The way the media painted the CDA battle, they made it appear that it was "the ACLU and the porn industry" vs. the federal government. HARDLY! Here’s the short list of major players who went to bat against the CDA:

  • American Civil Liberties Union
  • Center for Democracy and Technology
  • Voter Telecommunication Watch
  • Microsoft
  • America Online
  • Prodigy
  • CompuServe
  • Netscape
  • Netcom
  • SurfWatch
  • Libertarian Party
  • Wired Magazine
  • American Library Association

In addition there were dozens of smaller businesses as well as the 50,000 plus individual members of the Citizens Internet Empowerment Coalition (including myself, one of the earlier members) who were also on the list of plaintiffs. In all three lawsuits were filed, two were merged and the third was heard separately in New York - which matched the Philadelphia decision almost word for word. This was essentially the whole Internet community versus the federal government! And much to the disappointment of the moralists and the media, WE KICKED ASS!

Remember, the news media REVEL in being able to trash the Internet. They are deftly afraid of ANY kind of medium that can compete with them that isn’t burdened as they are by regulators. To make matters worse, the Supreme Court gave the Internet FULL First Amendment protection - something that television has never been able to enjoy since it’s inception!

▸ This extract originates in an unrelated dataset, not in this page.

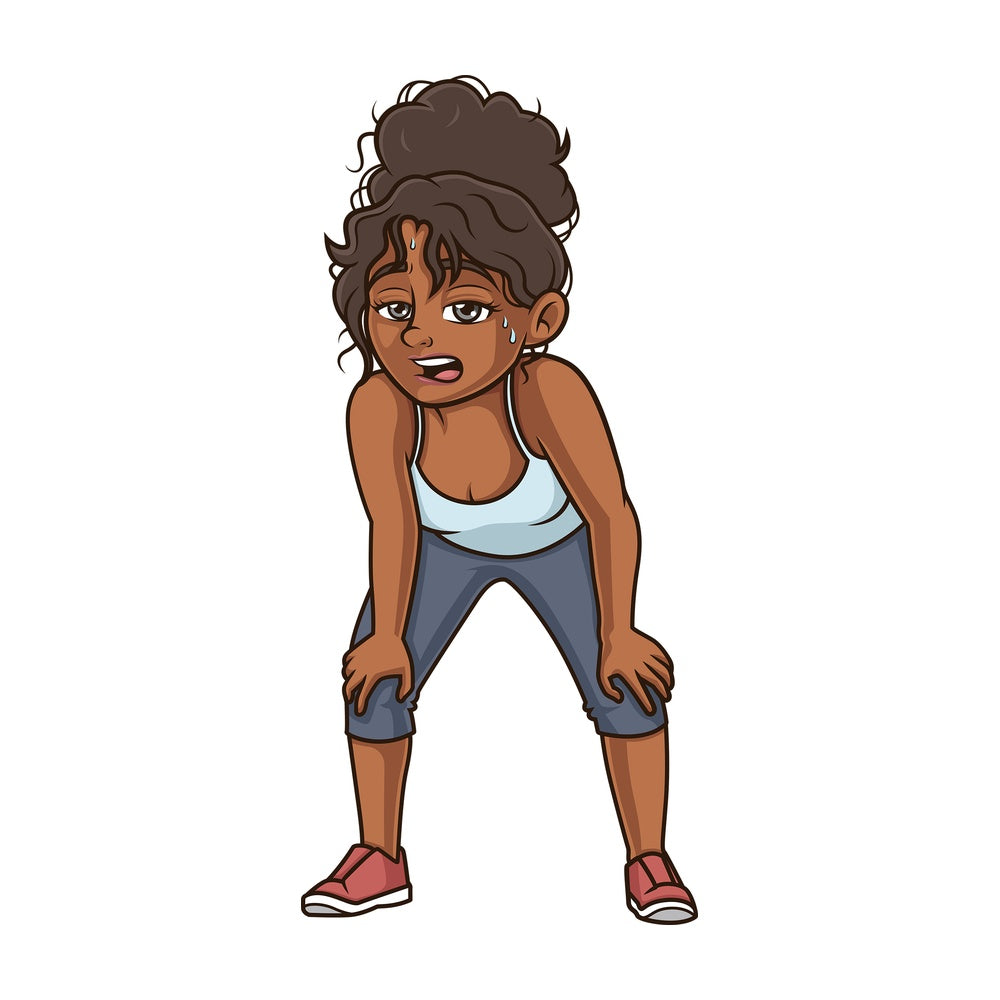 Exhausted black woman. PNG - JPG and vector EPS (infinitely scalable).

Now let’s go back to those programs for a minute. President Clinton, in responding to the CDA decision, said that now he’ll encourage software companies to develop filtering programs. Excuse me Bubba, but you apparently haven’t been keeping track of the Internet you claim to love! There have been numerous filtering programs available from SurfWatch to Cyber-Sitter to Net Nanny to Cyber Patrol. They’ve been around since 1994, when this whole issue first started! There is even a ratings system already in place! And even more precise forms of filtering software are in the works.

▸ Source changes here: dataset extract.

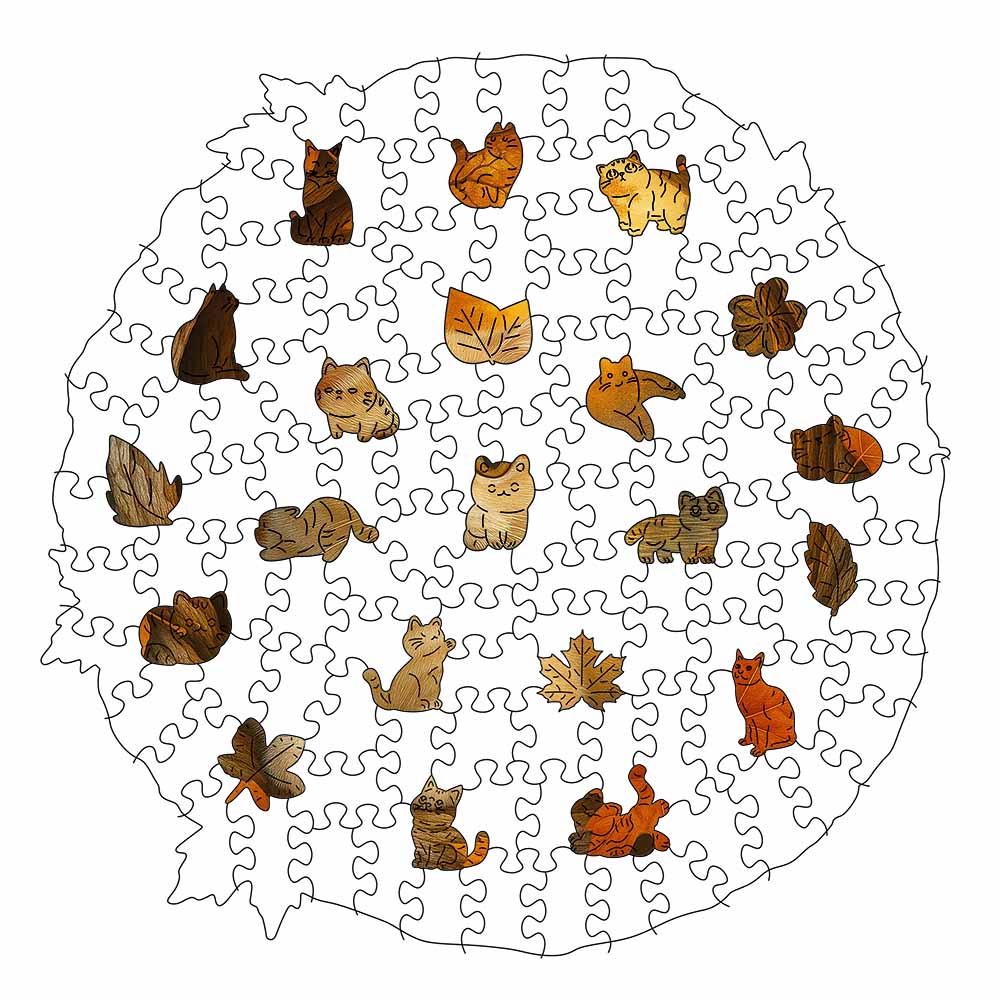 Autumn Kitten - Wooden Jigsaw Puzzle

Anybody got Microsoft’s Internet Explorer? Do you know there’s filtering software ALREADY INSTALLED there? Click on "Options" in the menu to see what I’m talking about. And like Microsoft’s browser, you can get some of the filtering software FREE OF CHARGE depending on your Internet Service Provider. So Bubba, the technology has BEEN there. Even the Supreme Court - whom USA Today considered to be the most techno-phobic branch of government - recognized that. Where have YOU been?

Ironically, there has been some good to come out of the CDA battle. For starters, the Internet community banded together for the first time to counter essentially an outside threat: the federal government. This was actually the first time online rivals Netscape and Microsoft worked together! They were also forced to confront the serious issue of keeping kids out of adult sites. Alternatives to legislation, the filter programs, were introduced and developed. Judges were given a real education as to how the Internet works, even being given full access to the Internet so they can try it out themselves before making their decision. We have a witness for the Justice Department admit UNDER OATH that the filtering software works! And we have the highest court in the land granting the Internet the full protection of the First Amendment!

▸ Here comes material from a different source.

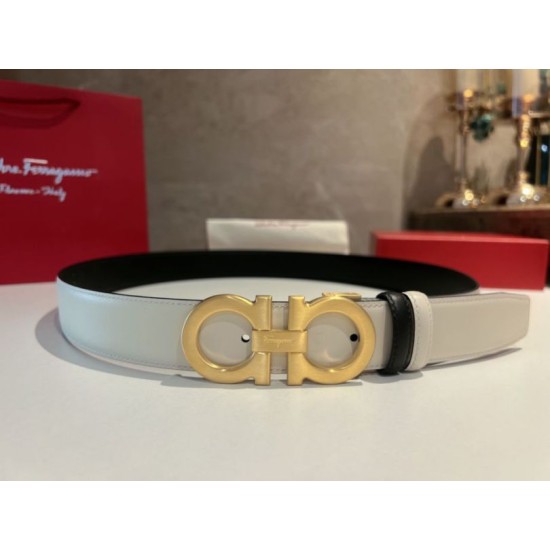 Qualità perfetta Replica Cintura reversibile da uomo Salvatore Ferragamo da 3.5 cm con clip in metallo oro Nero/Bianco Imitazioni Outlet Repliche Cintura reversibile da uomo Salvatore Ferragamo da 3.5 cm con clip in metallo oro Nero/Bianco Imitazioni False Outlet Online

In short, the struggle for free speech is not a one-time affair. Even when we have First Amendment protection, we aren’t completely safe from censorship and those who are masters of censorship. We have the means, and for now we even have the courts on our side, but this can change at a drop of a hat. But we need to make sure that government doesn’t repeat these mistakes either through ignorance or for more tyrannical purposes. We need to say to ourselves and out loud the two words the Jewish people have been saying since the end of World War II : NEVER AGAIN!